We all know the classic Australian lean-to: three walls and a single pitched roof abutting a taller existing building as an appendix to the original. They often come in twos or threes, becoming progressively smaller like a family of nesting babushka dolls.
Despite their modest scale and tight spaces, lean-tos offer some positives that are worth re-interpreting, says Ben Callery.
“Lean-tos are inherently low and compact, providing cosy intimate spaces within. Their visual bulk is diminutive, resulting in negligible overshadowing on its own backyard.
“Our clients for the Lean-2 project, a young family of four, needed more space for their family to grow. They wanted flexibility to allow the house to adapt to changing needs and to accommodate visiting family members. They wanted a degree of openness to facilitate connections between family members.
Also, they wanted greater connections with the elements, warming sun and cooling breezes to create natural comfort and reduce their environmental footprint. The main challenge on their site, however, was the orientation, north-to-front, making it difficult for the living rooms at the back of the house to engage with the sun.
“We retained the existing high pitched roof over the front four rooms and the low adjoining roof form of the original lean-to. The Lean-2 project adopts the classic single pitch skillion roof but rather than tuck it under the existing roof – as is usual – it projects high over it creating a clerestory highlight window to get sun down into the new living rooms.
“We inserted a north-west facing courtyard, which is a compact but sunny occupiable outdoor space. Its operable folding arm awning allows it to adapt to all seasons.
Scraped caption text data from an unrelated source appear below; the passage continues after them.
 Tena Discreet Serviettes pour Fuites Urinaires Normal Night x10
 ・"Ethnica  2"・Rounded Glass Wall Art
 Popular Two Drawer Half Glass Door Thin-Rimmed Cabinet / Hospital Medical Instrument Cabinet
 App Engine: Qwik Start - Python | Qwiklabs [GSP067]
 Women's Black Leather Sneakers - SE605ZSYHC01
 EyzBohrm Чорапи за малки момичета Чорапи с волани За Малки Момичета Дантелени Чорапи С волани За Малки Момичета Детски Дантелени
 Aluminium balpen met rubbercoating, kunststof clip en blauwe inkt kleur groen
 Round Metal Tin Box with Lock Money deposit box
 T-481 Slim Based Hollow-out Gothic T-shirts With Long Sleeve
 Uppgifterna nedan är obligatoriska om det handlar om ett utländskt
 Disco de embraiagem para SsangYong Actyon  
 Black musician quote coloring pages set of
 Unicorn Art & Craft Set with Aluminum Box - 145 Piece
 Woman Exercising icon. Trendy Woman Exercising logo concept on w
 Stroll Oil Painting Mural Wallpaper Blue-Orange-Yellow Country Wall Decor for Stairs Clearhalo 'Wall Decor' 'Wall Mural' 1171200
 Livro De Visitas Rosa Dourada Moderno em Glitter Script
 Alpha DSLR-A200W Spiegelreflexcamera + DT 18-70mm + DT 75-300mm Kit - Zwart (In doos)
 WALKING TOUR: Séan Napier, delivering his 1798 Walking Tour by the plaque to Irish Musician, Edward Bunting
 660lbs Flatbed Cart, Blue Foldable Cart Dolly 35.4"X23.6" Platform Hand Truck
The courtyard facilitates cross views from the main living space into the flexible studio space across the courtyard. This replicates that sense of views through rooms typical of lean-tos, but meets the contemporary need for passive interaction between occupants allowing them to supervise and be in contact while not necessarily in the same room.
The roof form, which is four-metres high at the northern end, falls away dramatically to sit 2.7-metres in height at the southern end, thus replicating that modest sense of scale and negligible visual bulk from the back yard, which is important on a site with this orientation.
The materials are modest and domestic but honest, natural and robust. Concrete floor, plywood ceiling, timber windows, exposed rafters, recycled brick pavers and folding arm awnings are all part of the vernacular of the lean-to, but here they are put together in a refined way to elevate them from simple domestic construction.
“With Lean-2, we’ve put a new spin on the quirky and quaint elements of the typical lean-to, with a compact but spacious second lean-to on an existing house with a difficult orientation.”